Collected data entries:
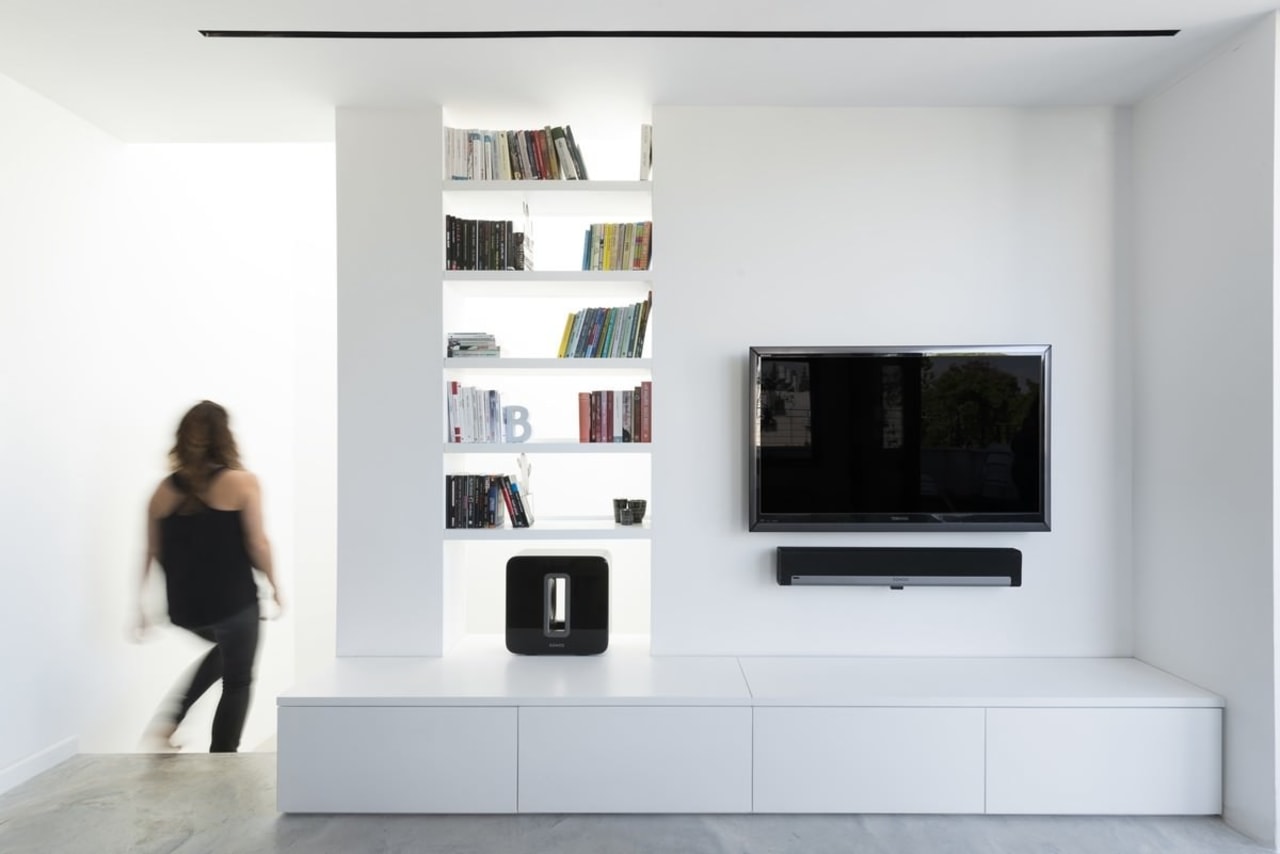 This living room wall features a bookshelf and bookcase, furniture, interior design, product design, shelf, shelving, white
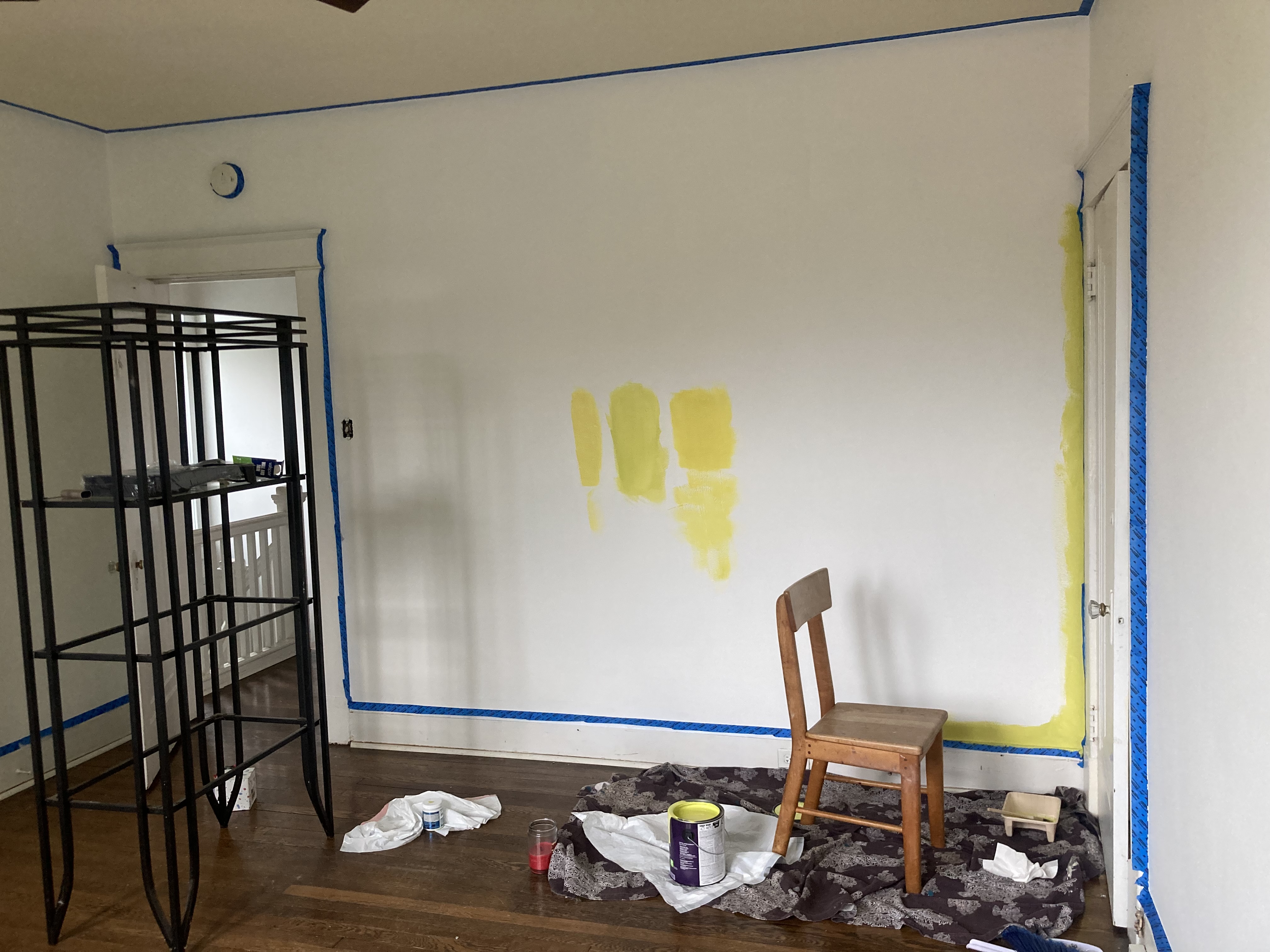 an empty room with a chair and green paint swatches on the wall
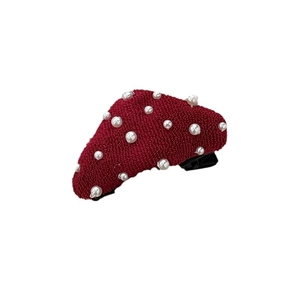 Cute dark red plush triangle hair clip with white pearls on a minimalist white background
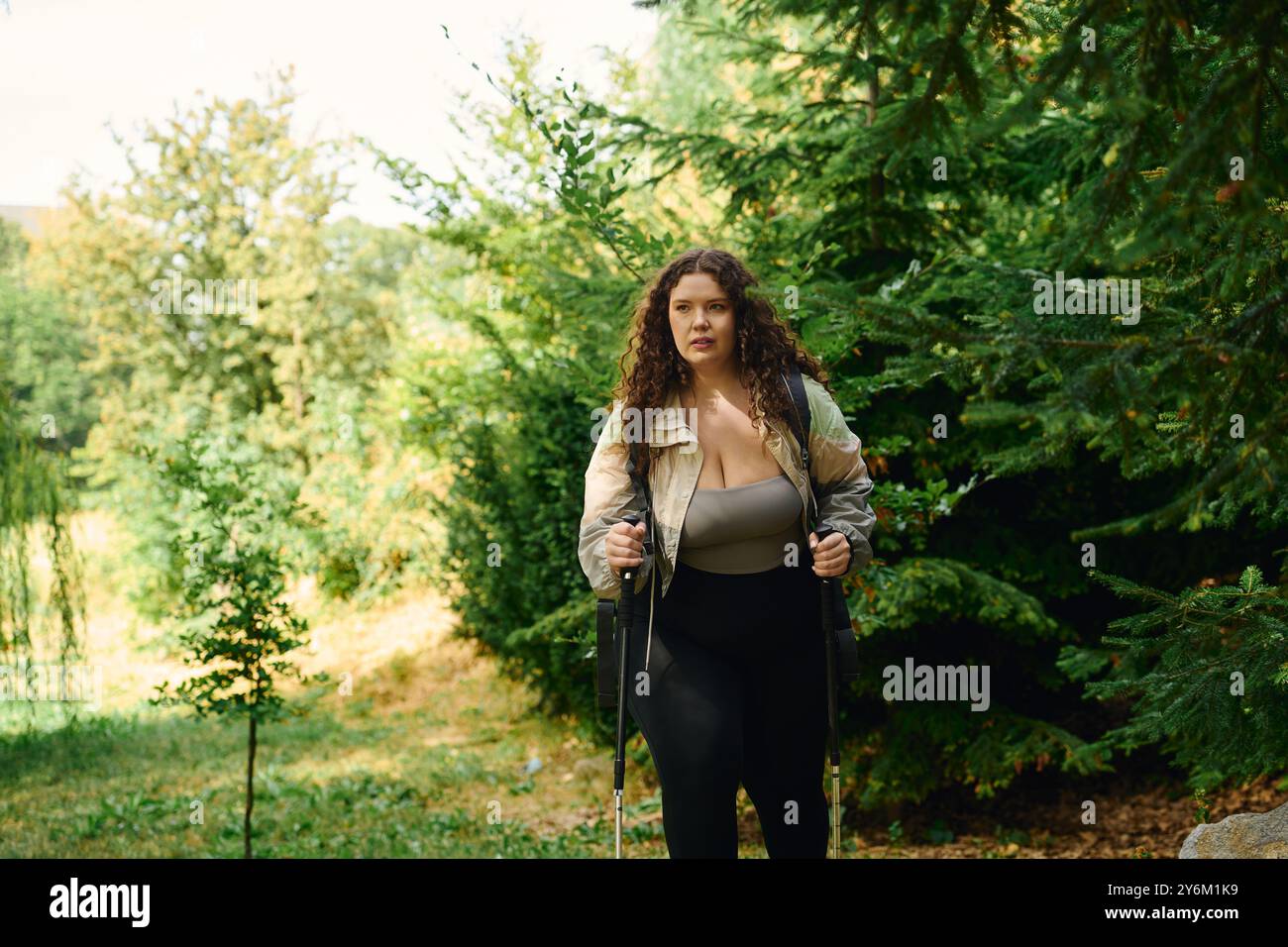 Une femme confiante profite d'une promenade paisible à travers une forêt verdoyante entourée par la nature. Banque D'Images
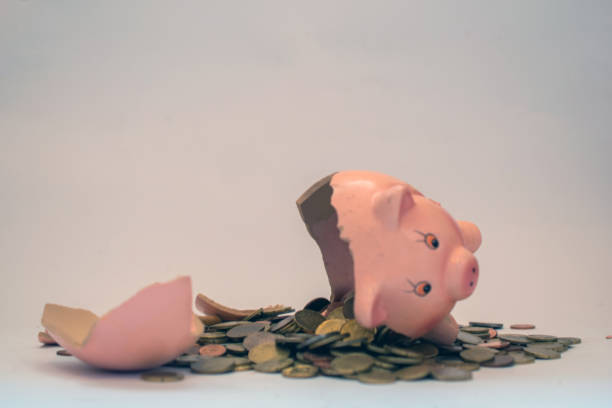 istock Broken piggybank with Euro coins on a white background. 1627759070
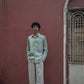 A man in mint-green pure linen full-sleeved shirt is standing in front of a pink wall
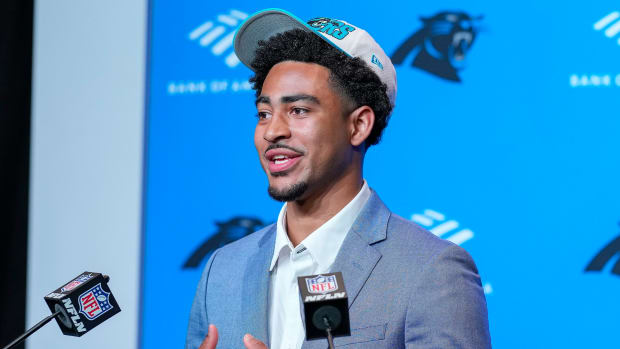 Bryce Young talks in a Panthers hat with two microphones in front of him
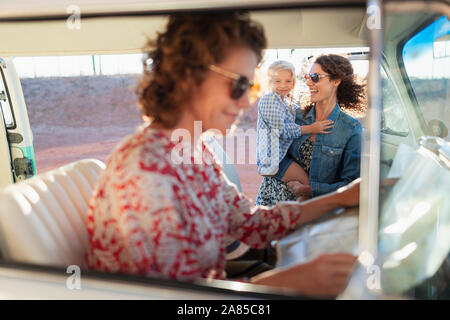 Multi-generation women with map in van Stock Photo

> [Requirement]: Without the pictures, return the records above exactly as written.

> [Exercise answer]:
 This living room wall features a bookshelf and bookcase, furniture, interior design, product design, shelf, shelving, white
 an empty room with a chair and green paint swatches on the wall
 Cute dark red plush triangle hair clip with white pearls on a minimalist white background
 Une femme confiante profite d'une promenade paisible à travers une forêt verdoyante entourée par la nature. Banque D'Images
 istock Broken piggybank with Euro coins on a white background. 1627759070
 A man in mint-green pure linen full-sleeved shirt is standing in front of a pink wall
 Bryce Young talks in a Panthers hat with two microphones in front of him
 Multi-generation women with map in van Stock Photo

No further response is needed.